Russell took a leap of faith. Pie’s first restaurant was summer-only. Perhaps appropriately given the area, the outlet was housed in a refurbished boat garage, in Torrance. It served its purpose, proving there was a market. Furthermore, customer feedback made Russell certain a year-round restaurant was viable, despite the highly seasonal nature of Muskoka. 

Late summer 2021 saw the opening of Pie in Port Carling, a hip and vibrant village that deserves its moniker “Hub of the Lakes.” It’s a full-service restaurant with a liquor licence and views of the water. 

At the same time, Pie launched a pop-up location at Walker’s Point Marina, in boat-busy Gravenhurst, essentially serving as a boat drive-thru. It’s an innovation specifically geared to the Muskoka’s summer lifestyle and has proven to be remarkably successful.

“Muskoka was ready for wood-fired pizza,” Russell explains. 

Photo: Maurizio’s Pizzeria

Maurizio’s Pizzeria, Parry Sound, Ontario
Maurizio Mascioli is an award-winning pizzaiolo, having competed and won medals on behalf of Canada at the International Pizza Championships. But he considers introducing thin-crust, wood-fired pizza to Parry Sound as among the accomplishments of which he is most proud.

“When you think of Parry Sound what jumps to mind is its beautiful scenery. You just naturally imagine there is beautiful food as well,” he says. “In fact, options are somewhat limited, especially for pizza that isn’t from a box store. I decided to change that.”

Maurizio is of Italian descent – one side of the family hails from the south of the peninsula, the other from Sicily – and so he grew up with thin-crust, wood-fired pizza. It’s really all he knew. When he opened Maurizio’s Pizzeria in 2013, he was excited by the prospect of sharing his love for this Italian staple. 

“The beginning was a bit of a challenge because we had to do a lot of education for folks here. People only know what they know. Most simply weren’t familiar anything other than box store pizza,” he explains. “We had to think outside the box to get people to try thin-crust. They quickly came around because if you use high-end ingredients like we do, each bite is like an explosion of flavour.”

The high-end ingredients Maurizio speaks of include best-quality cold-cut meats direct from an Italian butchery, fresh cheese, sauce and flour sourced from Italy. Vegetable toppings come from local farms as much as possible, but farming in cottage country is somewhat limited. Maurizio – like all regional restauranteurs – has discovered local vendors might not always have the items, or the quantity, required. 

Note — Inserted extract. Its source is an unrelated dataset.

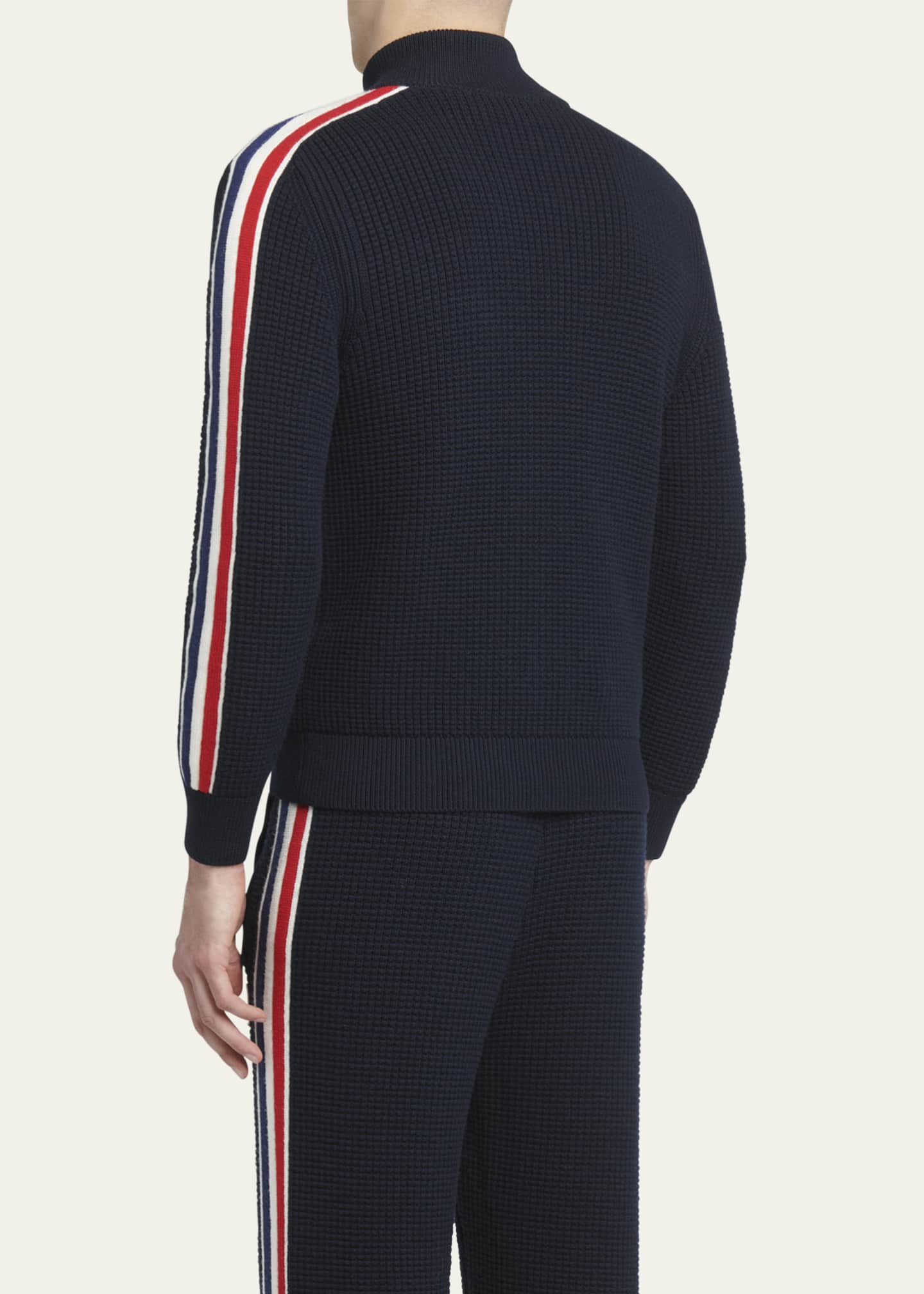 Moncler Genius Moncler x Palm Angels Men's Ribbed Track Jacket Image 3 of 5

Another challenge unique to restauranting in cottage country is the inherent seasonality. It’s feast or famine. “In the summer, with cottagers and vacationers, I work 90-hour weeks. Seventy-five per cent of my customers are seasonal,” he says. “My staff and I unwind and take vacations after Thanksgiving when cottages are closed down and the summer masses are gone.” 

“It’s a different pace of life up here, and it impacts business,” Mascioli says, “but I love it.” | CP


Andrew Hind is a freelance writer from Bradford, Ont., specializing in food, history and travel. He is the author of 25 books and the proud father of one.